“Quirkiness”, as a concept, is extremely difficult to get right. Whilst in certain circumstances, an element of quirk can make something seem interesting or unique, more often than not, it comes across as pretentious or annoying. Take the film Juno; I have a longstanding love for Juno, since I enjoy its rapid-fire dialogue and quality acting, but I also completely understand why a large subsection of the public finds it unbearable: its protagonist is unfailingly smug and sarcastic, and it really does seem to think that it’s cool. Plus, the soundtrack is mostly Kimya songs, which are the definition of twee. This connects to Alex Izenberg in that Harlequin, Izenberg’s debut album, is an album of fundamentally strong parts, rendered unsatisfying by a series of “quirky” production choices, which seem to think they’re much more clever than they actually are.
Pre-release single To Move On works as a microcosm for everything that’s frustrating about Harlequin. The song opens with a series of echoing, wistful piano chords, and Izenberg singing about the after-effects of what is presumably a breakup – “waking up in a haze”. This sequence is evocative, but it unfortunately only lasts about 30 seconds. The song then moves into the much more upbeat chorus, which adds a rolling drumbeat, staccato horns, and piercing falsetto harmonies to the mix, which distract from the fairly strong lyrics – “you don’t know what it’s like to move on”. The production on the track is overbearing, and Izenberg’s unwillingness to let his verse run for more than 8 bars robs it of the dynamism and tension it could easily have. Instead of building to a naturally developed chorus, it sounds like it’s oscillating between two completely different songs, only one of which has any restraint.
The rest of the album continues in largely the same vein. Izenberg actually has a real gift for Paul McCartney-style melody, and he could comfortably exist alongside Tobias Jesso Jr if he wanted to, but he seems unable to trust the listener enough to give his melodies room to breathe. Changes does something similar to To Move On, in that it torpedoes the tension built by its guitar and voice verses with a haze of droning reverb and thudding drums in the chorus. A Bird Came Down ends with some field recordings of children playing, which aside from being something of a cliche as far as field recordings go, doesn’t really add anything to the album thematically. It seems like Izenberg has littered the album with field recordings because he thinks that’s what cool, indie bands do.
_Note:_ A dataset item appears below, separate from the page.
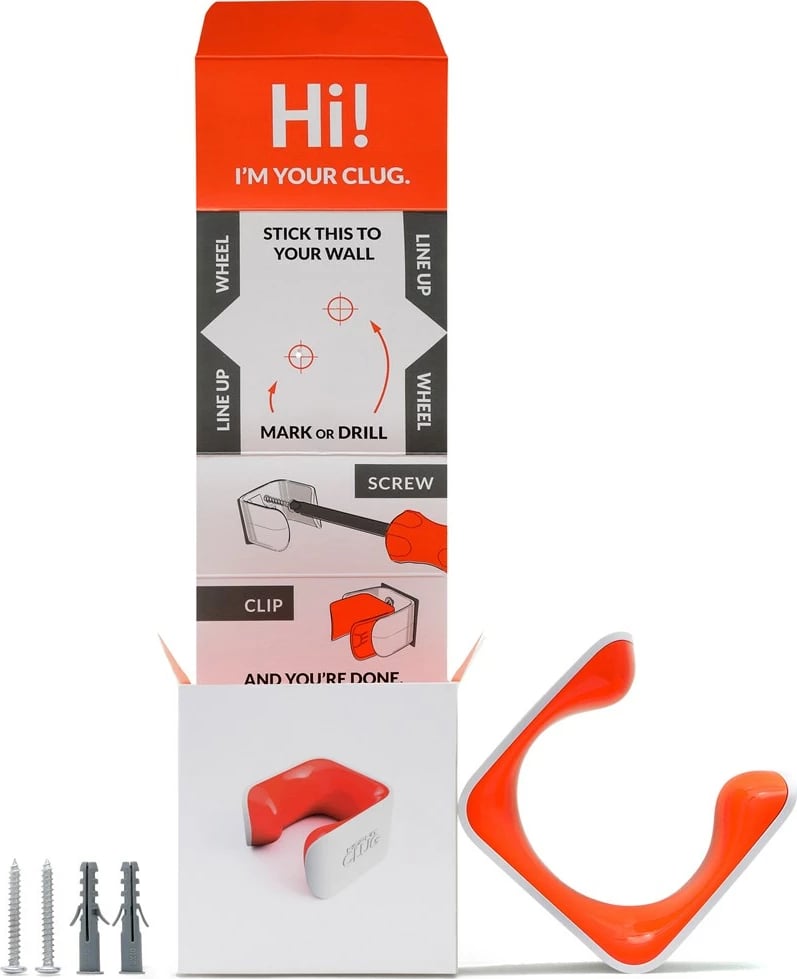 Mbajtëse për biçikleta HORNIT, M, e bardhë dhe e portokalltë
The marketing material for Harlequin compares the album to Grizzly Bear and Wild Beasts, and it’s easy to see why. All three groups have an affected, academic style of musicianship, that lends itself to oddity, and the aforementioned “quirk”. However, what Izenberg misses that those two groups don’t, is that their performative tendencies are always deployed in service to some overarching theme or goal, whereas on Harlequin it feels like they’re being used to obscure. Harlequin always feels like it’s messing with the listener, luring them in with tenderness or quality melody, but then pulling it away suddenly, and replacing it with something less appealing. If only Izenberg could zero in on the better parts of his sound, he could have some real potential as an artist.